§ Task directions: Would you transcribe the records below exactly, omitting every picture?

(Brief descriptive captions)
= = = = = = =
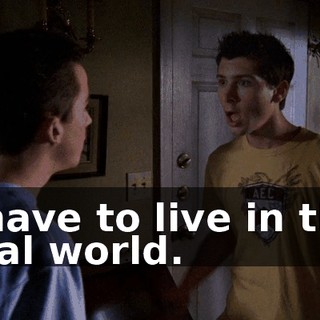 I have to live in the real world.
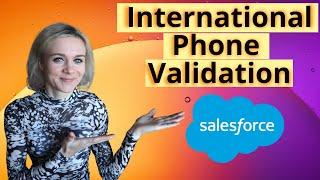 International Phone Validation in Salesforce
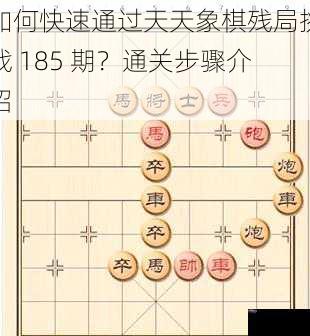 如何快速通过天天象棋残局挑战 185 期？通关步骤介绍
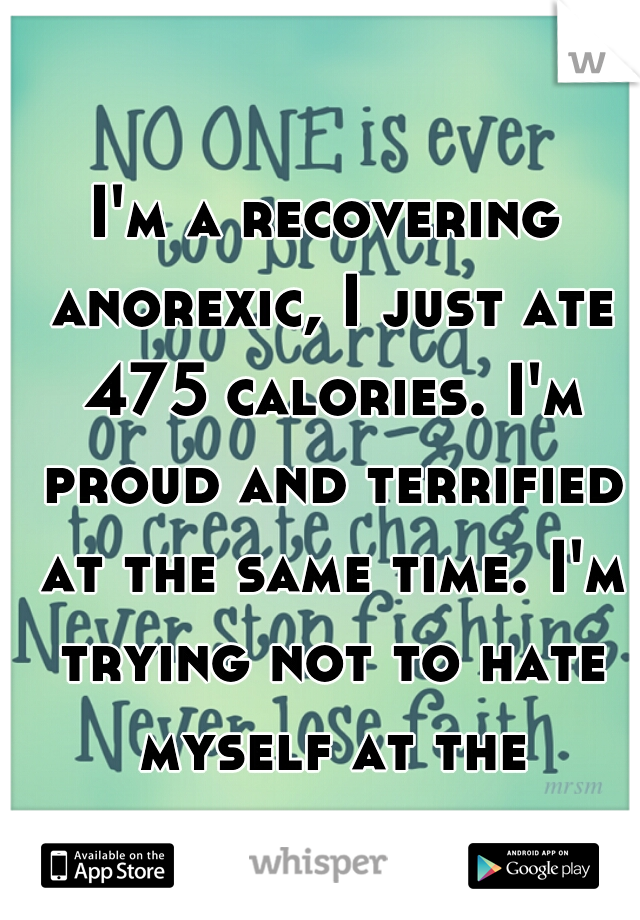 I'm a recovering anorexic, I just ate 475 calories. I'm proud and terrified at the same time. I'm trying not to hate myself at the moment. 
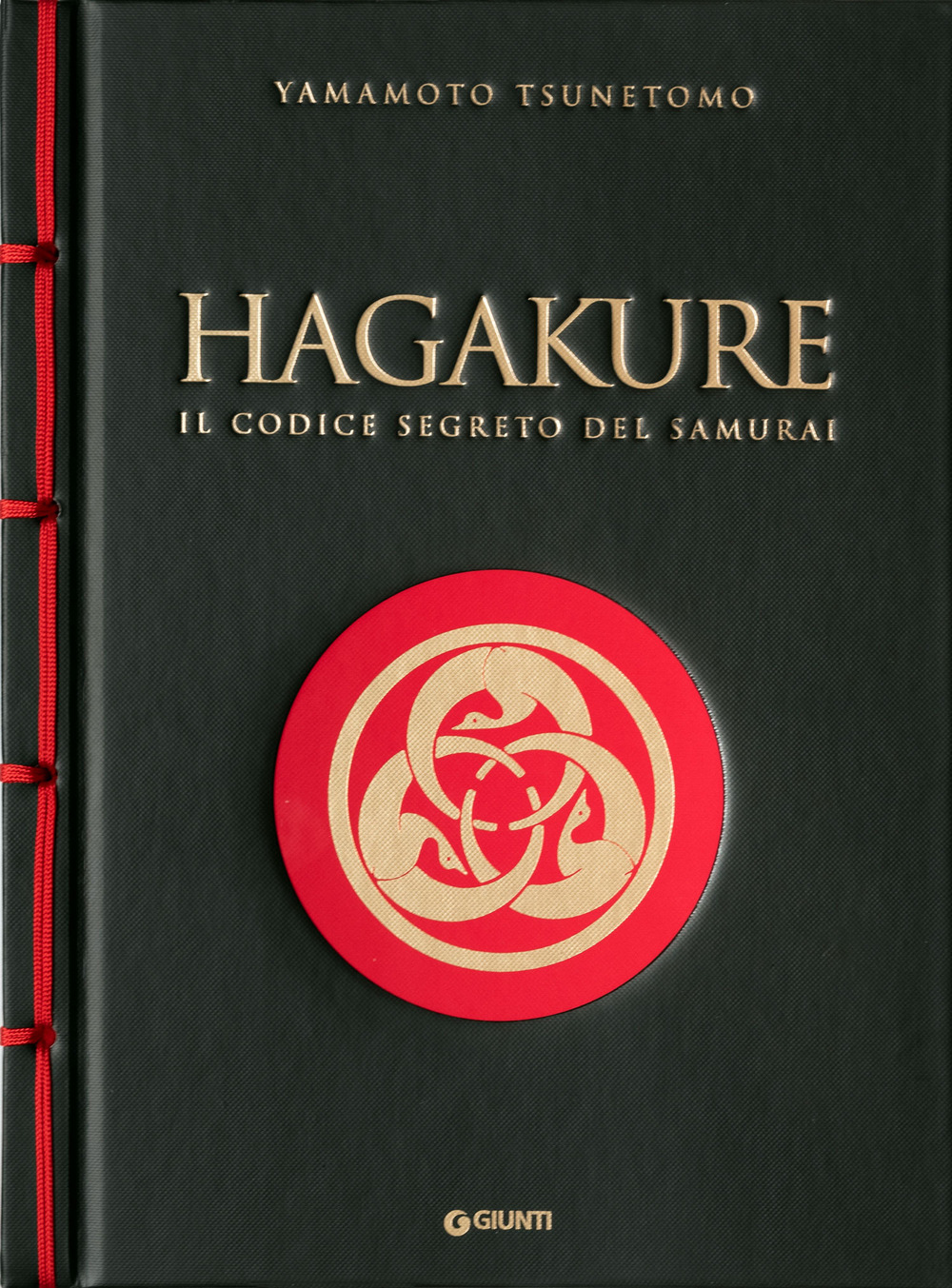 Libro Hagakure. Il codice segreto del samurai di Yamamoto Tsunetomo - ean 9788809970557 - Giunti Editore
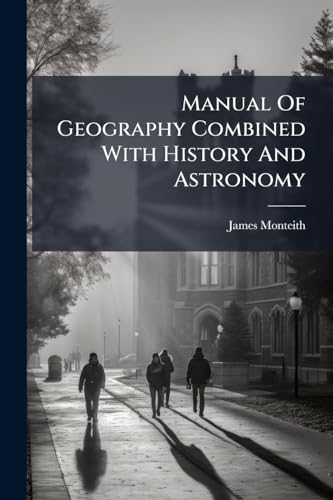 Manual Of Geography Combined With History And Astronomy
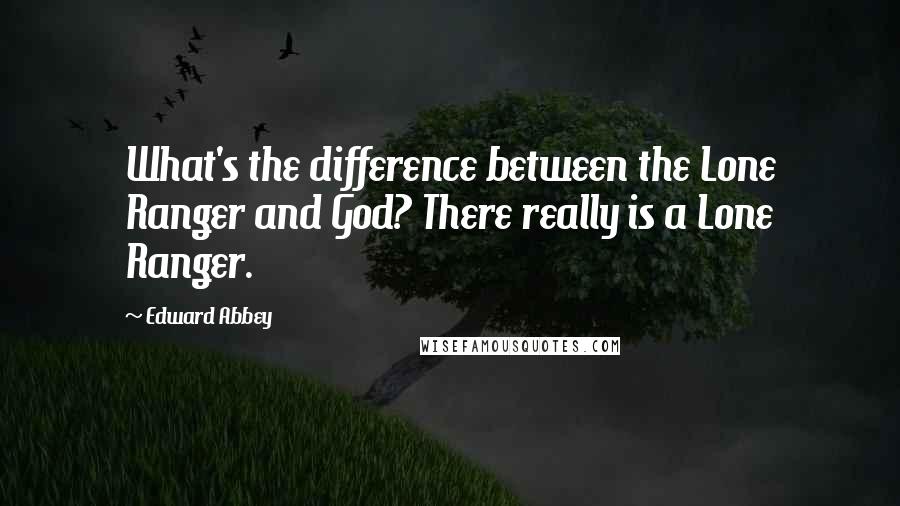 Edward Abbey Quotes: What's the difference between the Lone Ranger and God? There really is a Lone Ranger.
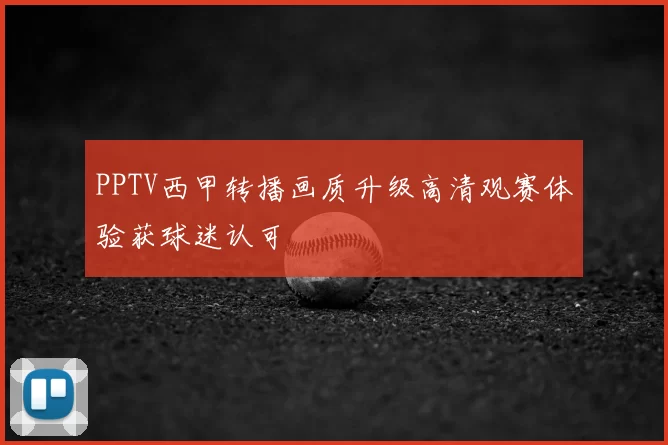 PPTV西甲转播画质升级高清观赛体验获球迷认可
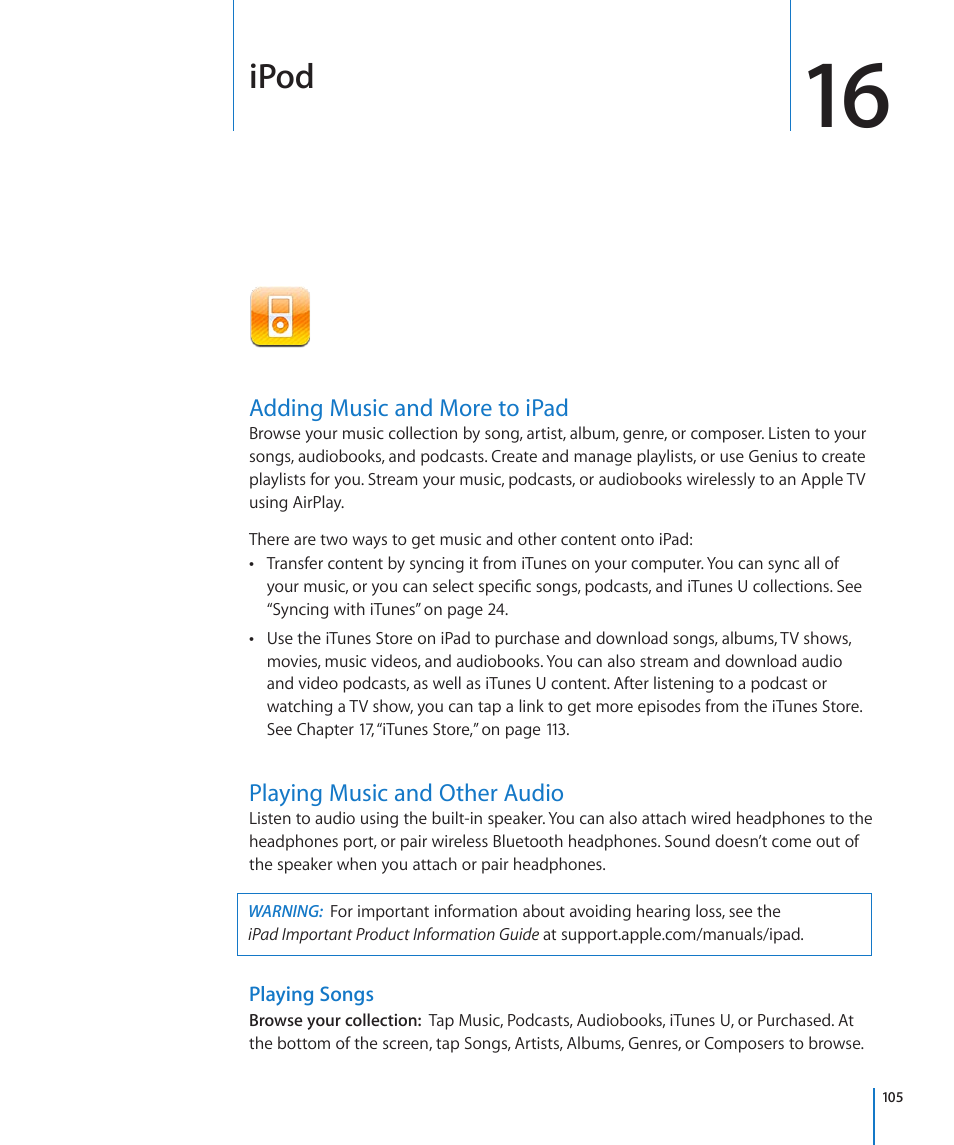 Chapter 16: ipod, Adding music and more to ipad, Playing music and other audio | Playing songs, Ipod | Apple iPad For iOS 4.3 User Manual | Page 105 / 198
= = = = = = =
§ Exercise answer:
 I have to live in the real world.
 International Phone Validation in Salesforce
 如何快速通过天天象棋残局挑战 185 期？通关步骤介绍
 I'm a recovering anorexic, I just ate 475 calories. I'm proud and terrified at the same time. I'm trying not to hate myself at the moment. 
 Libro Hagakure. Il codice segreto del samurai di Yamamoto Tsunetomo - ean 9788809970557 - Giunti Editore
 Manual Of Geography Combined With History And Astronomy
 Edward Abbey Quotes: What's the difference between the Lone Ranger and God? There really is a Lone Ranger.
 PPTV西甲转播画质升级高清观赛体验获球迷认可
 Chapter 16: ipod, Adding music and more to ipad, Playing music and other audio | Playing songs, Ipod | Apple iPad For iOS 4.3 User Manual | Page 105 / 198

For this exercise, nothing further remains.